[Problem to solve] Below are some records. Write out the line that contains "FRONT FENDER 18-25" and all lines after it, exactly, but not the pictures.

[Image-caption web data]
==============================

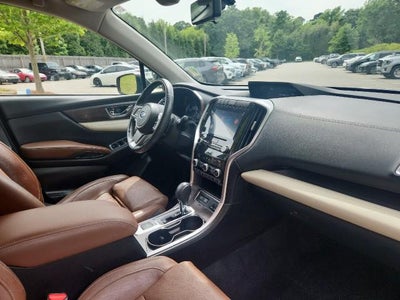 2020 Subaru Ascent Touring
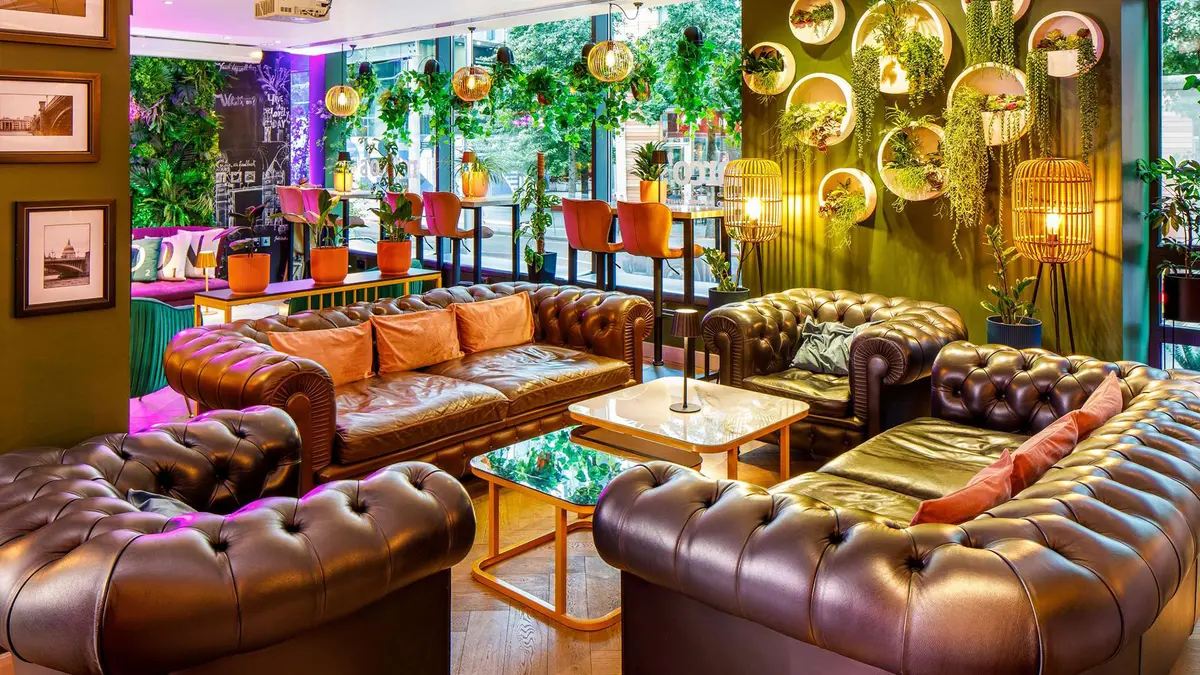 Mercure London Bridge, London, United Kingdom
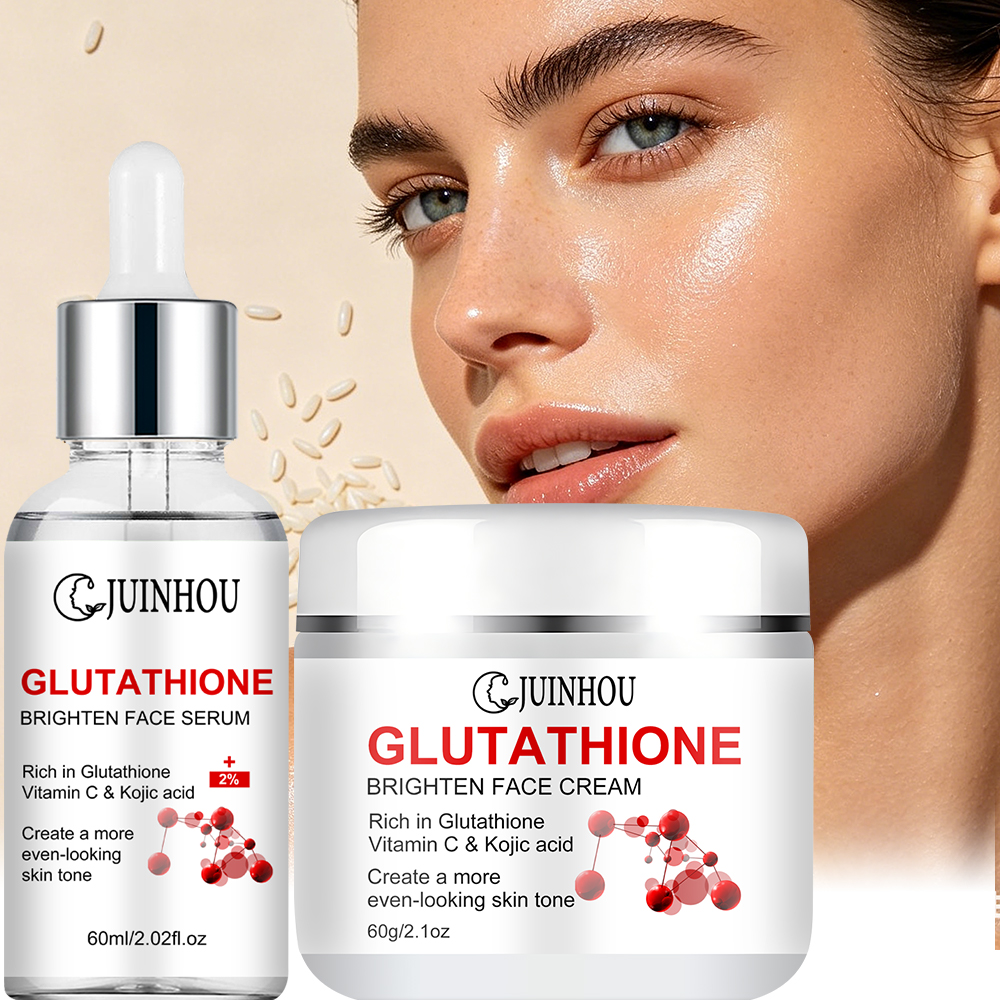 JUINHOU Glutathione Vitamin C  - Vitamin C Serum Face 评论和价格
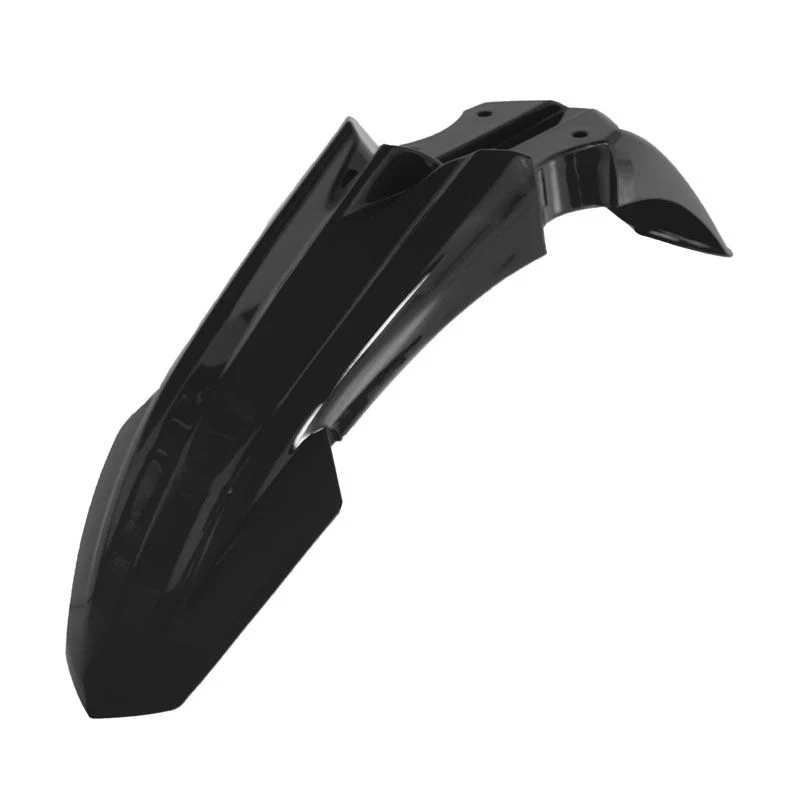 FRONT FENDER 18-25 YZ65, BLACK, RTECH R-PAYZ0NR0065
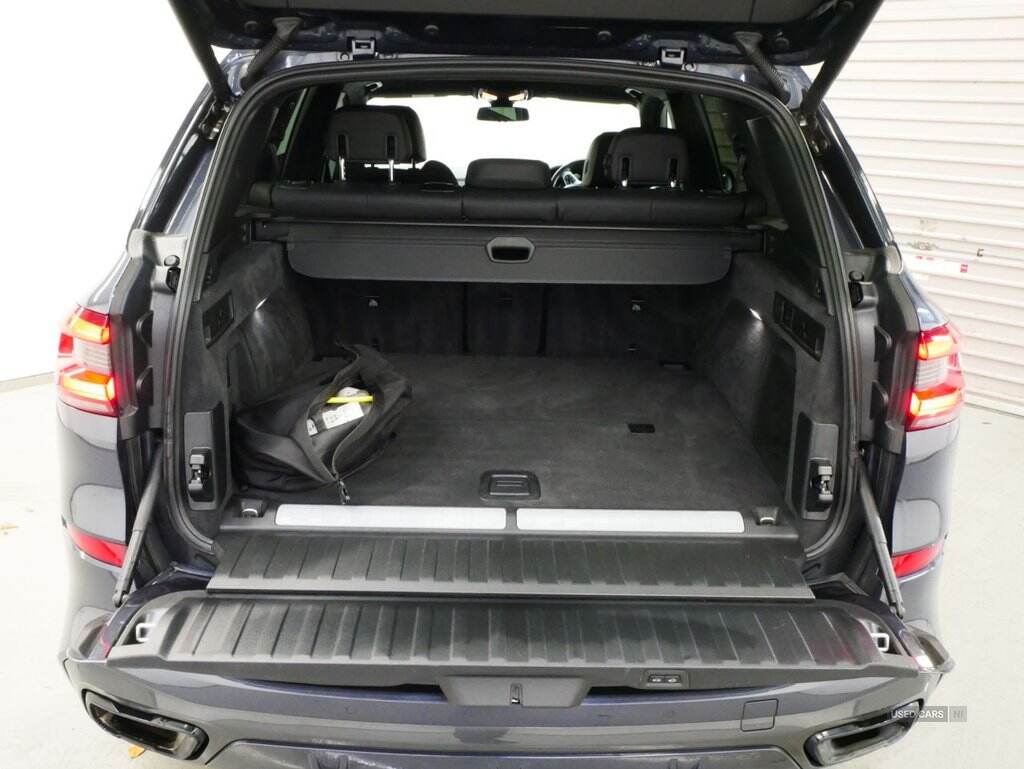 Nov 2021 BMW X5 xDrive45e M Sport 5dr Auto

==============================

[Exercise result]
 FRONT FENDER 18-25 YZ65, BLACK, RTECH R-PAYZ0NR0065
 Nov 2021 BMW X5 xDrive45e M Sport 5dr Auto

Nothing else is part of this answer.